Bei diesem „Argument“ geht es meist noch nicht einmal um konkrete Fragestellungen, nach dem Schema: Weil Jesus nicht in jedem Evangelium Ehescheidung und Wiederheirat in gleicher Weise verbietet (nämlich nicht bei Johannes), ließe sich schlussfolgern, dass Ehescheidung und Wiederheirat also auch durchaus O.K. sein können. So „inhaltlich“ wird das „Argument“ nur äußerst selten gebraucht, denn das setzt eine gewisse Kenntnis der gegeneinander in Stellung gebrachten Schriften voraus.

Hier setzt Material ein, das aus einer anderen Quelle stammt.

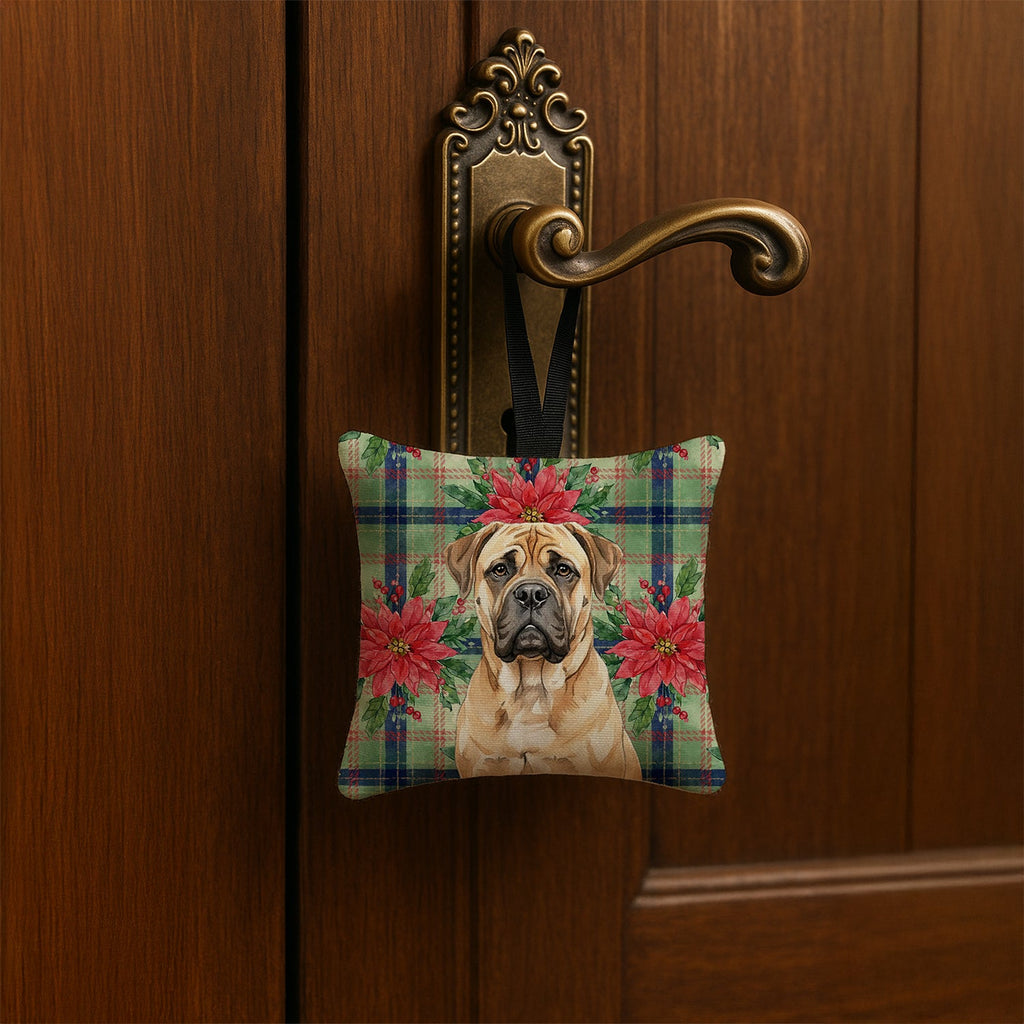 Bullmastiff Christmas PoinsettIas Hanging Square Fabric Ornament 3.5 � 3.5 Decorative Door-Knob & Tree Hanger, Soft Fabric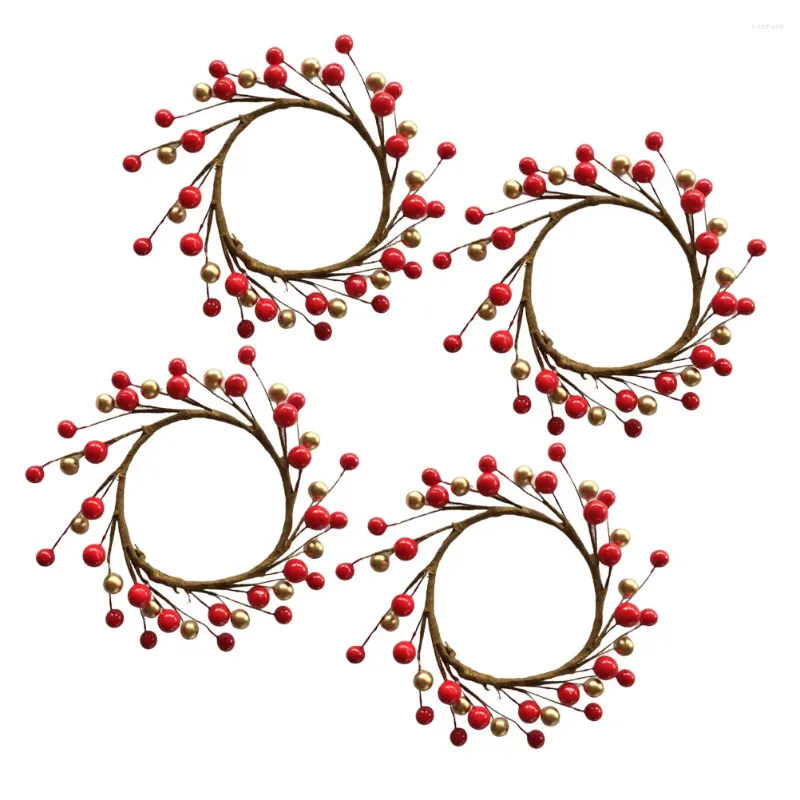 Dekorative Blumen 4pcs Weihnachtsring 8 cm künstliche Beerenhalter kleine Kranz -Serviettenringe für rustikaler Hochzeitsartikel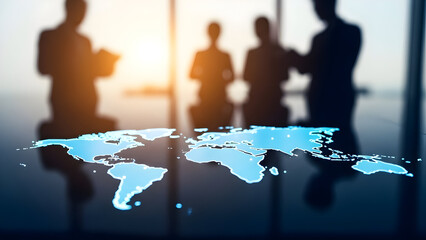 Global business team planning with world map overlay in modern office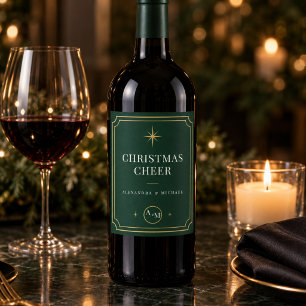 Rótulo De Garrafa De Cerveja Natal de Gravata Preta Esmeralda Verde & Dourado M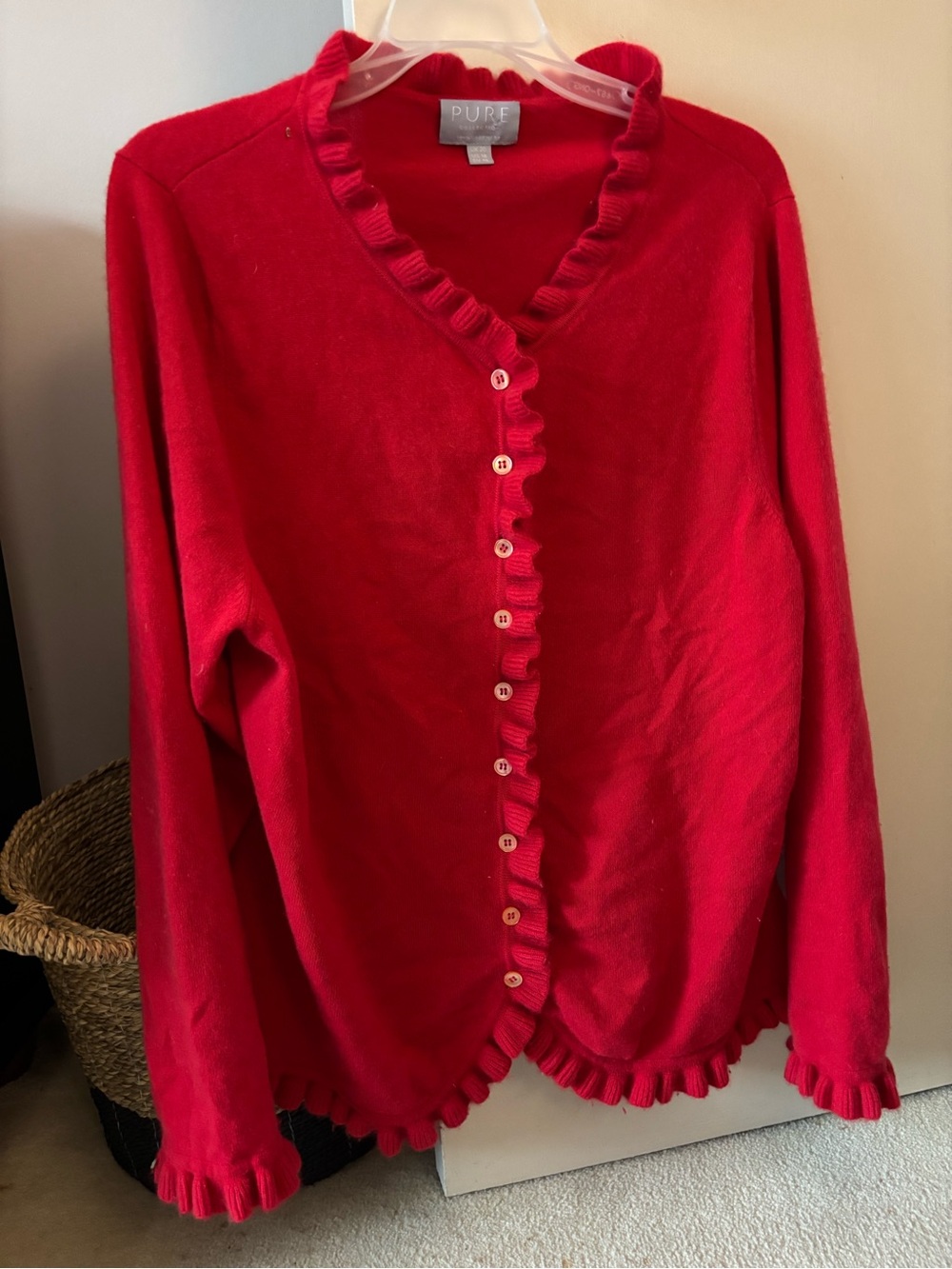 100% Pure cashmere Red Ruffle-Trim Button Cardigan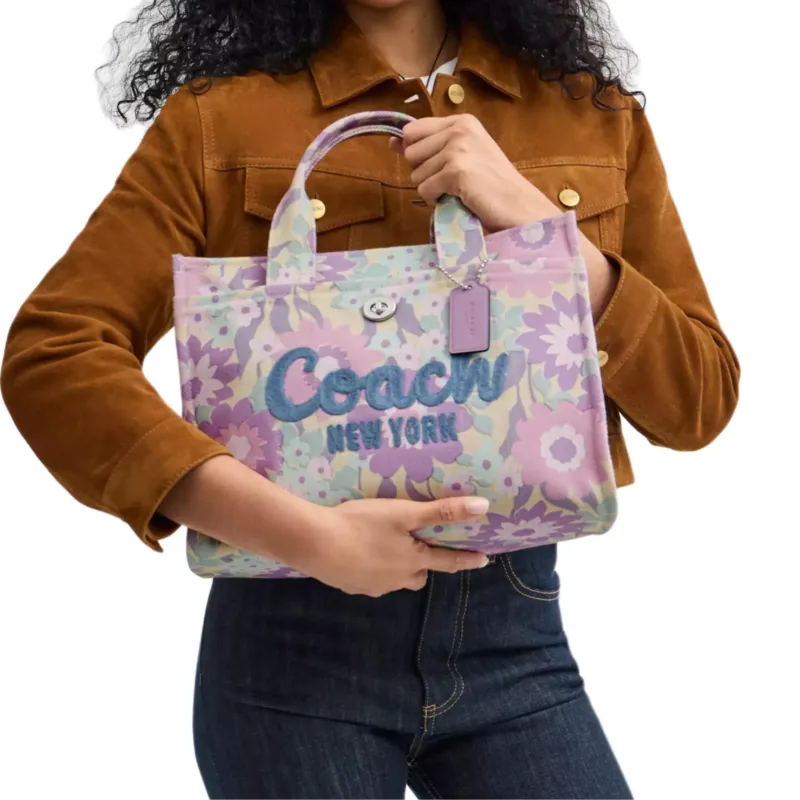 COACH Cargo Cotton Tote Bag, Shopping Bag, Shoulder Bag, Crossbody Bag, Handbag Women's Silver & Ivory Purple-8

Sondern i.d.R. wird das schnöde Faktum der Mehrzahl der Evangelien – es geht also nur um die Quantität der Bücher, nicht um die Qualität ihres Zeugnisses – als Rechtfertigung der Legitimität einer Vielzahl von „Deutungen“ behauptet – wiederum rein quantitativ betrachten, nicht qualitativ im Hinblick auf deren Authentizität, Richtigkeit oder gar innere Kohärenz: Es gibt mehr als ein Evangelium, also darf es auch mehr als eine Vorstellung darüber geben, wer Jesus war, was er wollte etc. Es spielt dann auch keine Rolle, wenn sich diese Vorstellungen völlig widersprechen und mit allen vier Evangelien nicht in Einklang zu bringen sind. Dass die Evangelien in ihrer Darstellung dieses Jesus und seiner Verkündigung widerspruchsfrei sind und ein einmütiges Zeugnis abgeben, ist unerheblich, und es lässt sich in so einer Unterhaltung auch nicht mal eben beweisen. Die Behauptung ist schnell gemacht, ihre Widerlegung wäre zu aufwendig...

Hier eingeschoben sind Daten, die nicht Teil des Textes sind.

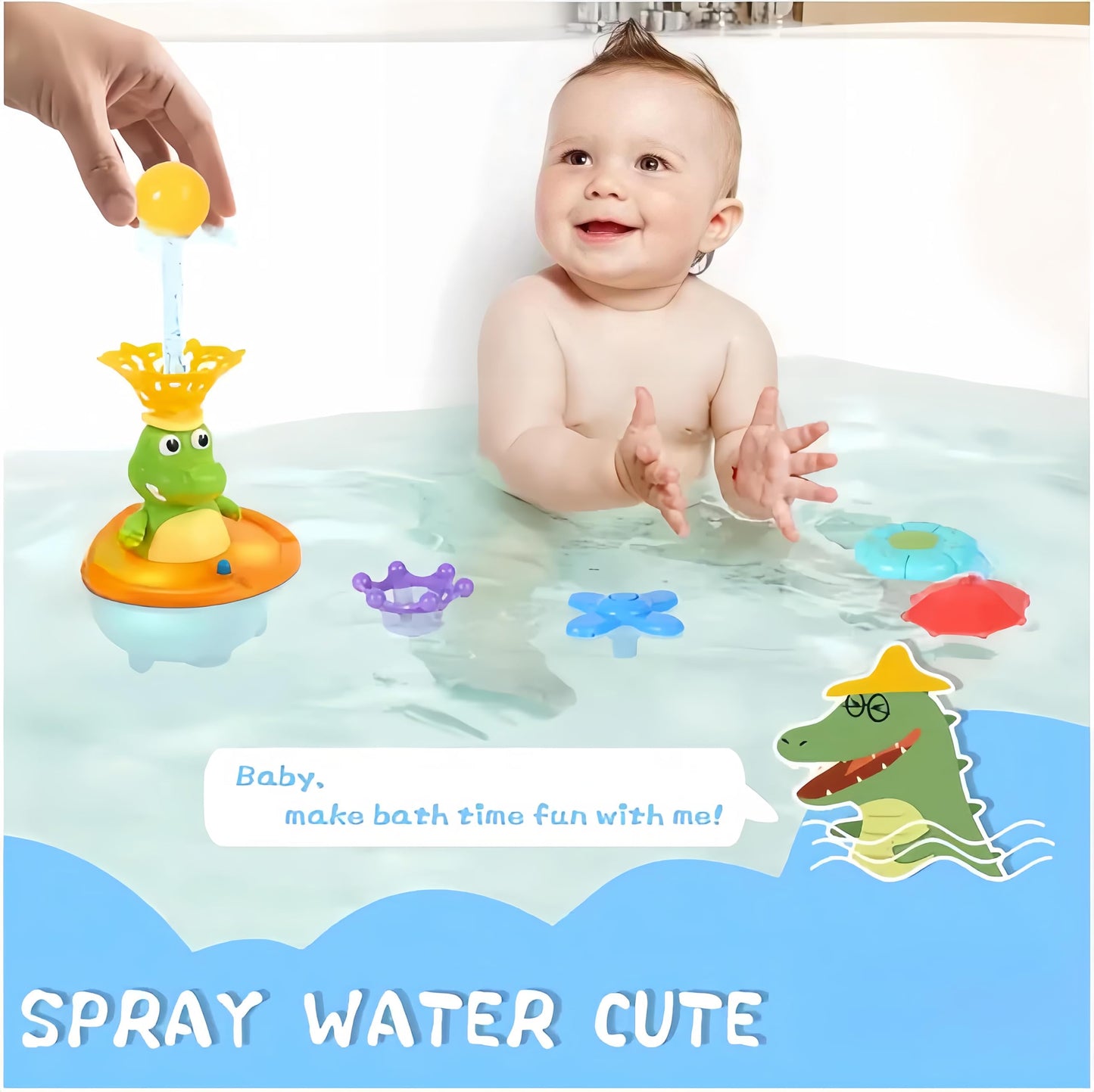 Bath Toys for Toddlers - Light Up Crocodile Fountain with 5 Spray Modes, ABS Plastic Bath Toy for Bathroom & Swimming Pool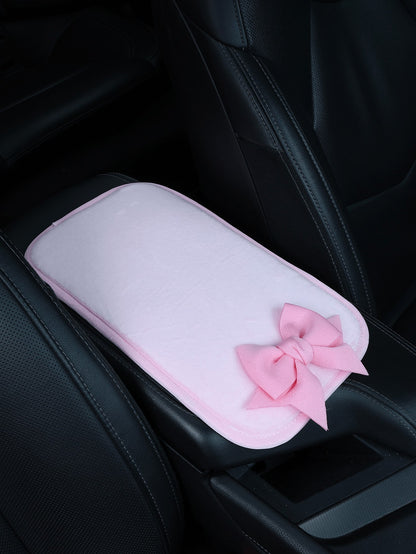 1pc Bowknot Decor Car Armrest Box Pad, Creative Non-Slip Center Console Seat Cover, Women's Car Accessories
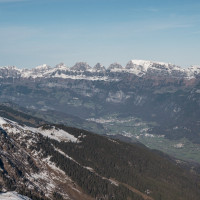 Panorama von Laufböden auf die Churfirsten, Dezember 2022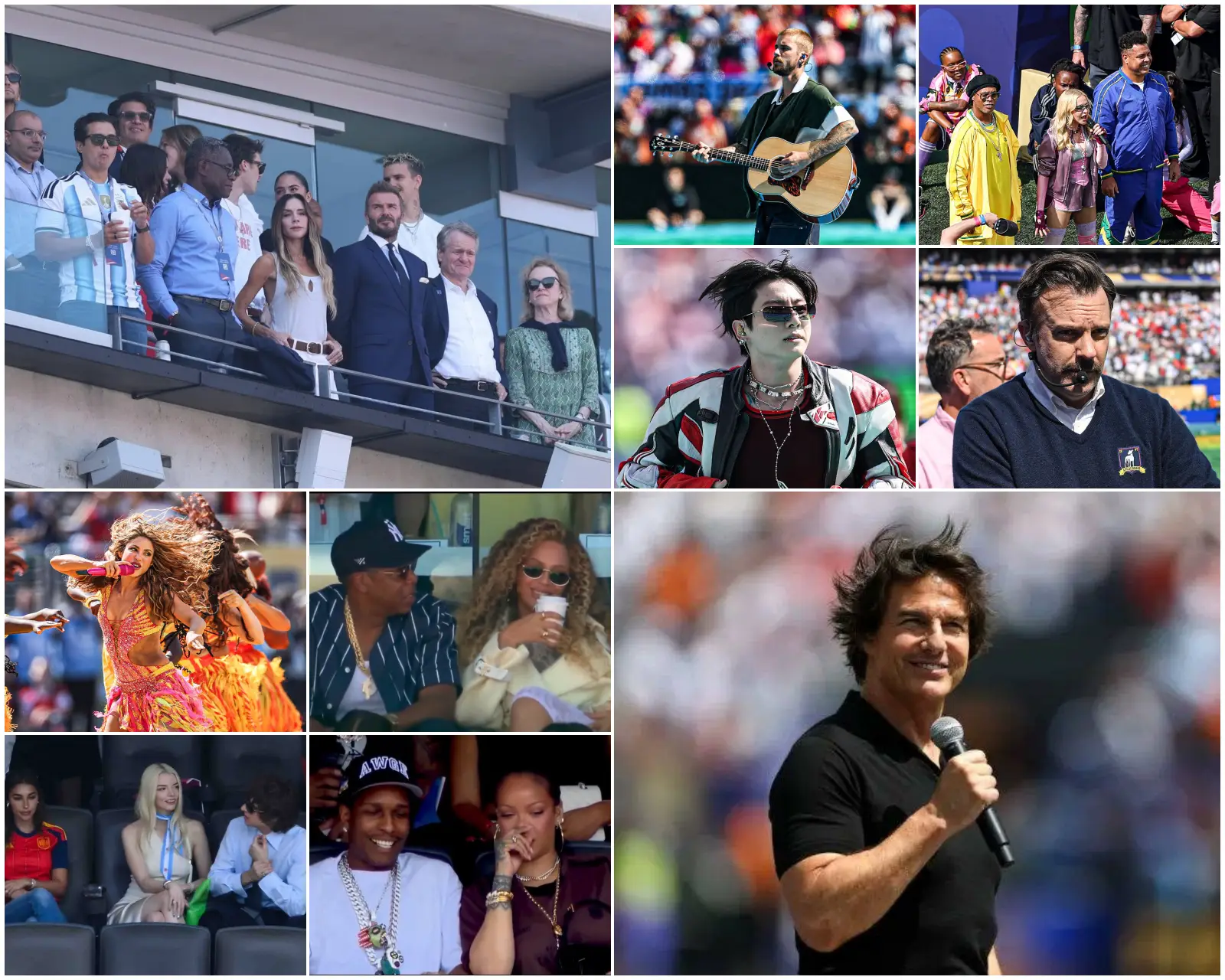 World Cup Final Draws Hollywood Stars As Spain Beat Argentina 3 Collage of celebrities attending and performing at the 2026 FIFA World Cup final, including Tom Cruise, David Beckham, Shakira, Beyoncé and other stars.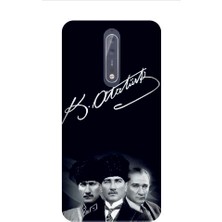 Kapakolur Nokia 8 Atatürk Baskılı Kapak Kılıf + Ekran Koruyucu Cam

Übrigens war das Ausspielen oder Überbetonen einzelner biblischer Schriften gegen andere auch das normale Vorgehen frühchristlicher Häresien gewesen: Die Ebioniten akzeptierten nur das Matthäusevangelium, Marcion nur Lukas (mit vielen Auslassungen), manch andere Gnostiker nur Markus und die Valentinianer beharrten einzig auf Johannes. Gerade Marcion war es, der insbesondere den Apostel Paulus über alle anderen Apostel stellte und ihn sogar regelrecht als den einzigen Apostel betrachtete (alle anderen Apostel, so lehren manche Marcioniten, seien verdammt, denn nur Paulus habe die christliche Taufe empfangen).

 

Die christliche Vorgehensweise besteht natürlich seit ältesten Zeiten darin, nicht ein biblisches Zeugnis gegen das andere auszuspielen, sondern das Ganze als authentisches Wort Gottes anzuerkennen. So kann es dann beispielsweise zugleich eine priesterliche Würde aller Getauften, und ein besonderes Priestertum des Dienstes geben, ohne, dass ein Widerspruch bestünde. Unterschiedliche Perspektiven auf das eine und selbe Geheimnis des Glaubens sind dann alle wertvoll, solange sie an der „gesunden Lehre“ festhalten und nicht jeder „nach eigenen Begierden Lehrer sucht, um sich die Ohren zu kitzeln“ (2Tim 4,3). Die vier Evangelien haben je eigene Akzente und Perspektiven, aber sie alle geben Zeugnis von der einen Wahrheit, die Jesus Christus ist. Und Paulus (und Petrus und Jakobus und Judas und Johannes...) ebenso.